Lemma2 of 340 D is a little sudden for me.

Regarding problem D.

Well, 4 * logN * logN (nit — O() notation here is incorrect, i.e. O(10000f) = O(f)) per operation also fails if it is not Fenwick tree (e.g., 2-d segment tree). Also, it seems that even carefully implemented Fenwick solution in Java runs longer than 0.5s, so TL should be >1s. Did jury have a Java solution?

I'd like also to note that for Fenwick trees there exists a more general approach for range updates, which works, e.g., for sum instead of xor (see this post).

I've got AC with 2-D segment tree.

Does your code have complexity O(logn*logn) for queries? I always thought that 2D segment tree is O(n) for queries like (1,1,1,n)

Edit: Sorry, now I understand :DOne should distinguish 2-D segment tree and quad-tree. The first one has complexity

O(logN·logN) per query, while the second one works inO(N) per query.I implemented a quad tree and it was TLE in 6th test case. Can you help me to understand why an update or a query in a Quad tree is O(n). My solution stops the recursion when the interval asked or updated is same to the interval of the node. If you know an online explanation please share it. Thanks for the help http://codeforces.com/contest/341/submission/4390134

try querying a 1xN row. you will realize that you ultimately have to query N 1-unit squares.

Thanks. Very clear example.

Are you sure that the approach mentioned in Petr's post can be generalized to 2D or more dimensions (for supporting range updates and range queries) ?

I suppose it can: http://codeforces.com/contest/341/submission/4391440

It is interesting) It is writen in statememnt that number

vfrom update query ≤ 2^{62}, but your solution using only int got accepted.Maybe it's because only the parity of the number matter, so overflow doesn't affect the result?

Realizing that the "Bubble Sort Graph" problem was equivalent to finding the length of the longest increasing subsequence was a really nice "Aha!" moment for me. Great problems, thanks!

Where are the pictures in 341D?

They work perfectly for me. I uploaded them at imageshack.us . Maybe you a problem with that server. Please, tell me a server for which the images will be visible to you and I'll upload there.

Thank you for your kind reply! it's visible to me now.

For 340B I used the Gift Wrap alogirithm to compute a Convex Hull for the points, and then using a DP found the minimum Area that needs to be cut off from this Hull to form a quadrilateral.

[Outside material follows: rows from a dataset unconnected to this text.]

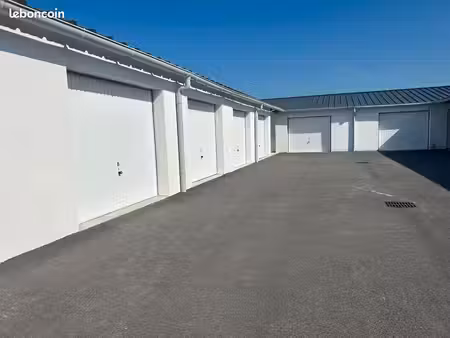 loue  garage  box  2  stockage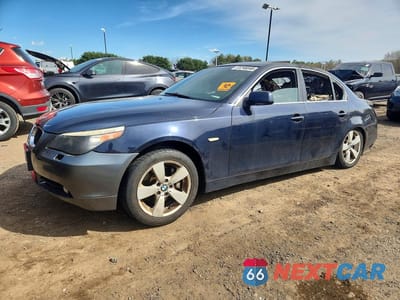 2007 BMW 525 XI WBANF33537CW69673 - główne zdjęcie licytacji z USA - miniatura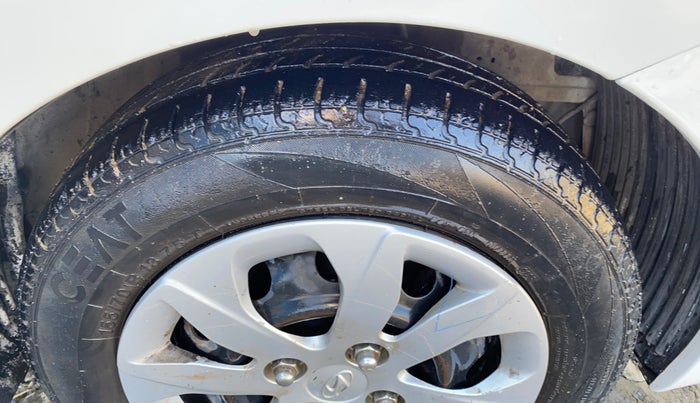 2017 Hyundai Eon MAGNA +, Petrol, Manual, 73,434 km, Right Front Tyre Tread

Worst Case for Hull O(n^3) + DP O(n^2) Total execution time was 30ms

The only corner case was when the hull is composed of only 3 points.

I found that most of the solutions marked correct for the problem 340D gave the answer 1 for the input

3 12 13 1

Whereas it should have been 2(maximal set can be {12,13}). Did the test cases miss something or am I making a really silly mistake here?

Can I hack solutions after the match has ended. If so could anyone please let me know.

My bad :(. I just re-read the problem and found that the numbers can be <=n

http://codeforces.com/blog/entry/8761 PLS help!

Thanks to author for the contest. It was the best raund I have ever seen.

Can you please elaborate on how the (i — 1) * ai = sum_of_elements_before_position_i in question 341C ???

For a fixed ai, you need to calculate sum of ai — aj, when aj < ai. If I sort sequence a in increasing order, then all elements aj < ai will be in positions {1, 2, ..., i — 1}. So I need to calculate ai — a1 + ai — a2 + ... ai — a(i-1). Ai appears (i — 1) times in this sum, so I re-write the sum being (i — 1) * ai — a1 — a2 — ... — a(i — 1). This is (i — 1) * ai — (a1 + a2 + ... + a(i — 1)). I need to sum for each i this expression. It can be computed in O(N), see my source for reference. There, sumBefore is (a1 + a2 + ... + a(i — 1)).

Thanks for your reply.

Try Geogebra to draw good Geometric figures. It's free.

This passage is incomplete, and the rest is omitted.